# Multiclass Classification: Linear classification with the MNIST data set

Author: Severin Angerpointner

**Abstract:** In this tutorial we will:
* Implement a layer of Adalines (neurons) for multiclass classification (here with the MNIST dataset of handwritten digits)
* Carry out the training
* Set an efficiency benchmark in number recognition for comparison to a multi-layer network (later)

In [1]:
import pandas as pd
import numpy as np
import gzip
import urllib
import matplotlib
import matplotlib.pyplot as plt

In [2]:
np.random.seed(15)

In [3]:
%matplotlib inline

plt.rcParams["figure.figsize"] = [10, 8]
matplotlib.rc("savefig", dpi=200)

from IPython.display import display, Javascript

disable_js = """
IPython.OutputArea.prototype._should_scroll = function(lines) {
    return false;
}
"""
display(Javascript(disable_js))

<IPython.core.display.Javascript object>

In [4]:
# module for file access
import os.path

# global file name of our data source
digit_name = 'digits.csv'
label_name = 'labels.csv'

def fetch_digit_data(num_images):
    '''
    Download 'num_images' datasets (images plus labels) from the MNIST database and save them as .csv files for further use.
    (This might take a while for the whole dataset (60,000 images))
    '''
    #open gzip file from url and unzip it
    with gzip.open(
                  urllib.request.urlopen(
                      'http://yann.lecun.com/exdb/mnist/train-images-idx3-ubyte.gz')   ) as bytestream:
        #read raw bytestring in buffer (images are 28 by 28 pixels)
        bytestream.read(16)
        buf = bytestream.read(28 * 28 * num_images)
        data = np.frombuffer(buf, dtype=np.uint8)
        data = data.reshape((num_images, 28 * 28))
        #save images as num_images x 28*28 array
        np.savetxt(digit_name, data, fmt='%u',delimiter=',')
  
    #analogous for the labels
    with gzip.open(
                  urllib.request.urlopen(
                      'http://yann.lecun.com/exdb/mnist/train-labels-idx1-ubyte.gz')   ) as bytestream:
        bytestream.read(8)
        buf = bytestream.read(num_images)
        data = np.frombuffer(buf, dtype=np.uint8)
        data = data.reshape(num_images)
        np.savetxt(label_name, data, fmt='%u',delimiter=',')
         
    return

# fetch data from internet source only if the file is not available locally
#fetch both and override old data to ensure same ordering
if not os.path.exists(digit_name) or not os.path.exists(label_name):
    fetch_digit_data(60000)

### Preparation of the multiclass data

The `prep_digit_data()` function has to be adapted as in the preceding implementations we only used two classes (eg. for iris data).
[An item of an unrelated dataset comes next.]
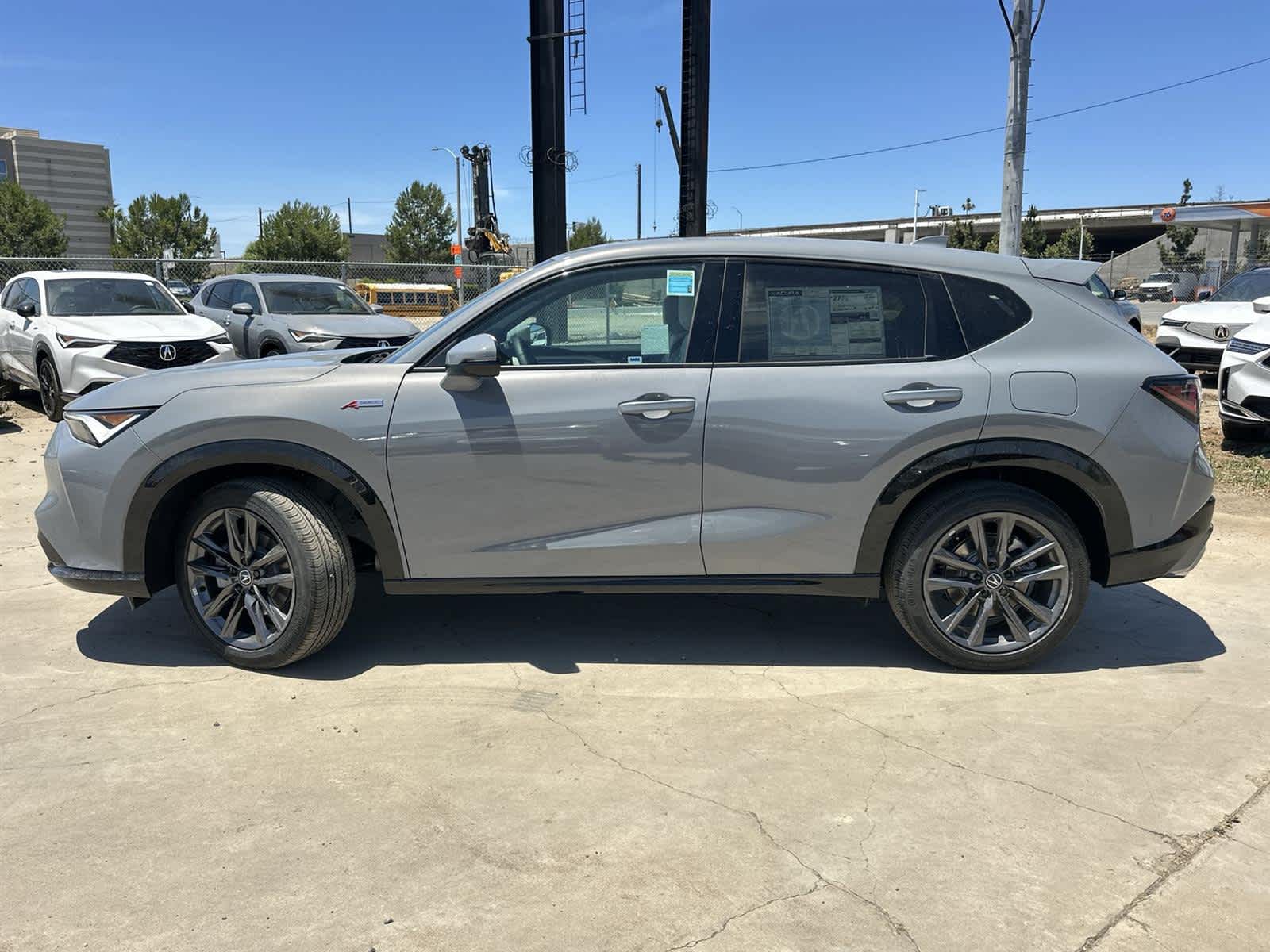 Thumbnail: 2025 Acura ADX - 3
The class labels will now be [0,9].

In [5]:
def prep_digit_data(df,dl):
    ''' 
    Fetches 28x28 digit images from the digit data and
    returns (X, Y), where X is a list of 28x28 arrays and Y a list of labels.
    '''
   
    # as feature we take the first 28 * 28 data entries,
    # which are the pixel brightness/darkness values (between 0 and 255)
    X = df.iloc[:, 0:784].values
    

    # read class labels: (labels already suitable indices, between 0 and 9)
    classes = dl.iloc[:].values 

    Y = []
    for i in range(len(classes)):
        Y.append(classes[i])
    
    # to make it more realistic, we randomize the data
    indices = np.random.permutation(len(X))
    X_rand = [X[i] for i in indices]
    Y_rand = [Y[i] for i in indices]

    # return the randomized lists as numpy arrays
    return np.array(X_rand,dtype=np.float64), np.array(Y_rand)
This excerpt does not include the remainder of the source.